A soon as they were sacked they reacted as I’d feared (which is why I’d been trying to keep them onside) and decided that Winston and I were in fact deep cover agents for some sort of Masonic New World Order.
And that’s just one campaign…
Then there’s the stuff that used to come into Winston’s office (I got to open the suspect packages, as it was deemed I had the strongest stomach, though the DPS always weeded out the really offensive and the dangerous).
One that sticks in my mind simply because of the weirdness quotient were the messages, always in orange crayon and always written on “Footrot Flats” cartoon books, which came at least every week. I’m sure most of Murray Ball’s royalty cheques were thanks to our anonymous correspondent.
(Since I’m reminiscing anyway, and no one’s probably reading by now…) I worked in Trades Hall at the same time as Ernie Abbot, employed by a Maori social services organisation that had offices there. I’d often say hello to him as I came and went, but never really knew him well.

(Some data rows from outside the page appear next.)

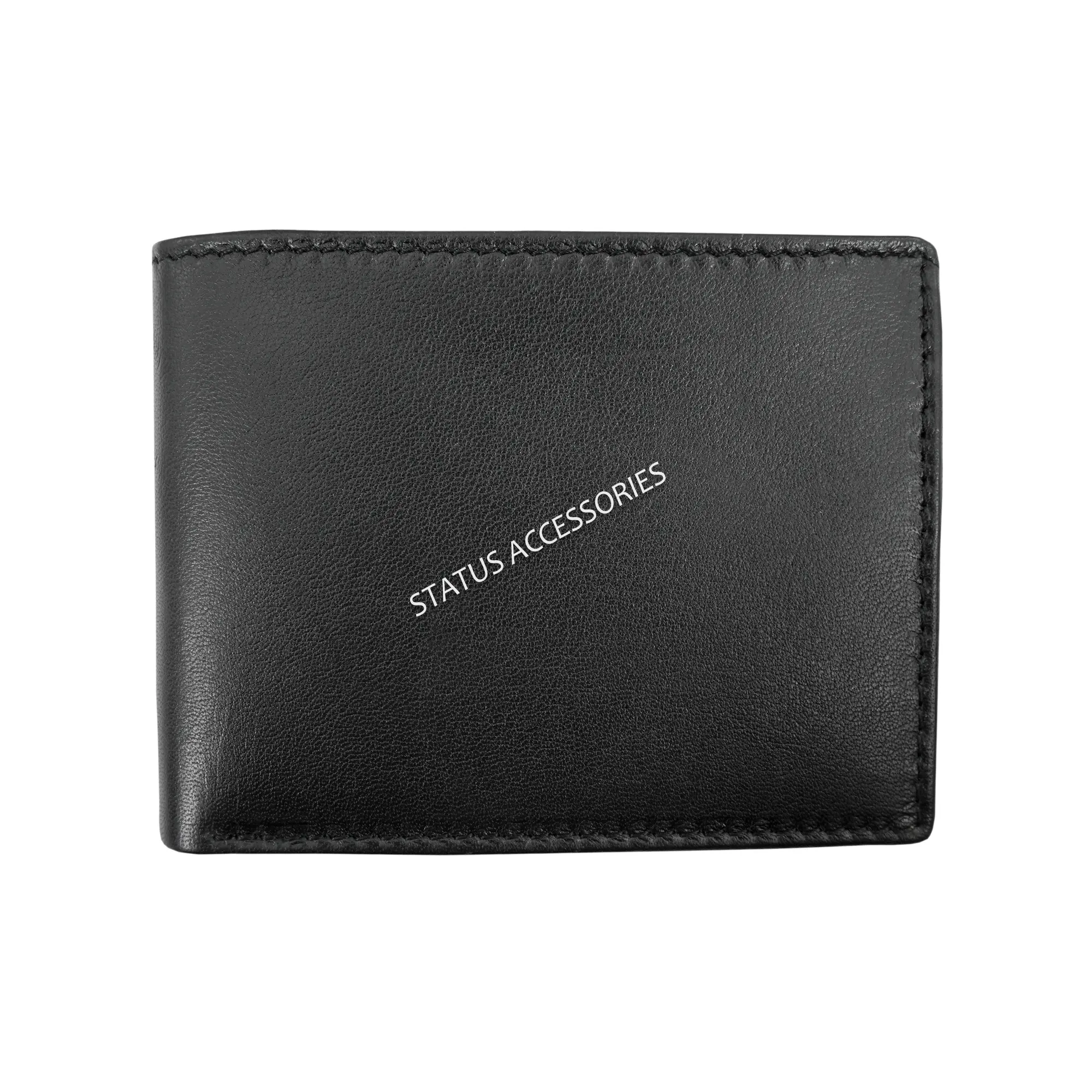 Personalizado personalizado en blanco fabricante venta 100% de alta calidad de cuero genuino estado para hombre piel de cordero RFID Passcase Wallet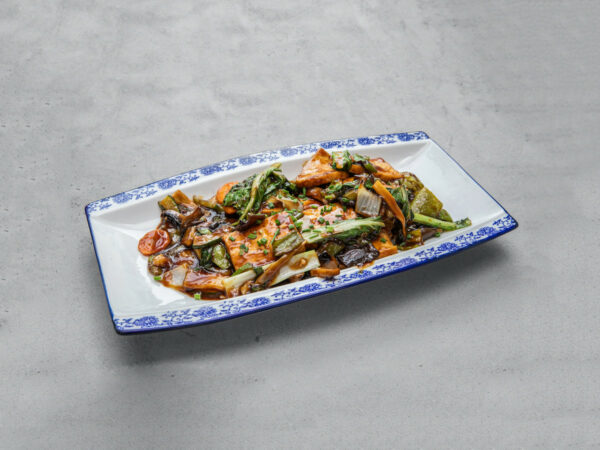 Tofu w sosie ostrygowym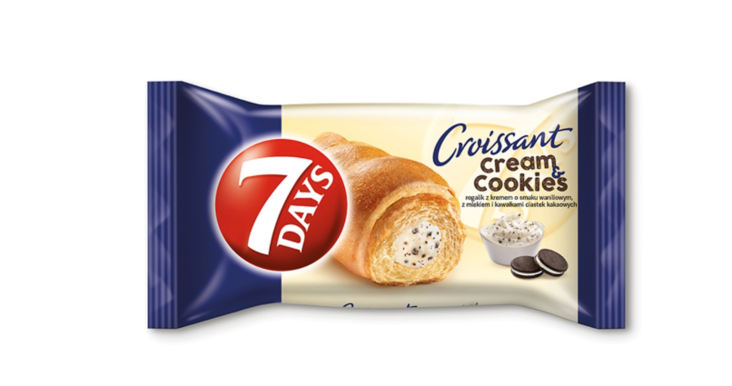 7 Days Crossant Vanilla&Cookies/ Vanijla&Keksi Croisantti 60g - Täytekeksit ja vohvelit - 15994 - 1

I was out at the time the bomb went off and still remember feeling absolute disbelief, coming back to find it cordoned off, that some nutjob had felt strongly enough about what went on in Trades Hall in Wellington to bring to NZ the kind of random violence that, till then, we’d all naively associated with more passionate peoples in the northern hemisphere.
Later I realised that the mindset that stuffs a suitcase with explosives and calmly walks away, leaving it to kill random innocents (and perhaps not even your intended targets, as in that case) is very different to the hot-blooded rage that drives one to become a special constable (or to wrestle me naked). Not the least because it’s usually undetected before – and often forever after – it’s done what it set out to do.
Thank-you for remembering Ernie Abbot the memory of that bombing seems to have been largely erased from the NZ collective memory.
Yeah, call me an infant of the 80s, but I was kind of, “Bombing? What? In NZ??? NO WAI”
a wee note on my desk says to thank Rex for mentioning Ernie Abbott.. something about the 70s/80s.. and a standout funeral procession in Wtn (?)
plus I’d like ask lprent whether numbering the comments mightn’t be a useful addition.. certainly for the longer threads.. comments, not replies..
People on the left were there because they always have the biggest protest marches. How often do you see a “right wing” march? The VRWC have much better things to do with their time than marching 🙂
Do trucks count?
And the ‘Enough Is Enough’ bullshit?
Those weren’t ‘right-wing’ protests, they were ‘ordinary kiwis’ protests. You freaks.
L
Yeah, mainstream New Zealand!
Similarly the anti-anti-smacking marches were good parents doing a great job and anti-EFA marches were ordinary New Zealanders who were fed up with the nanny state.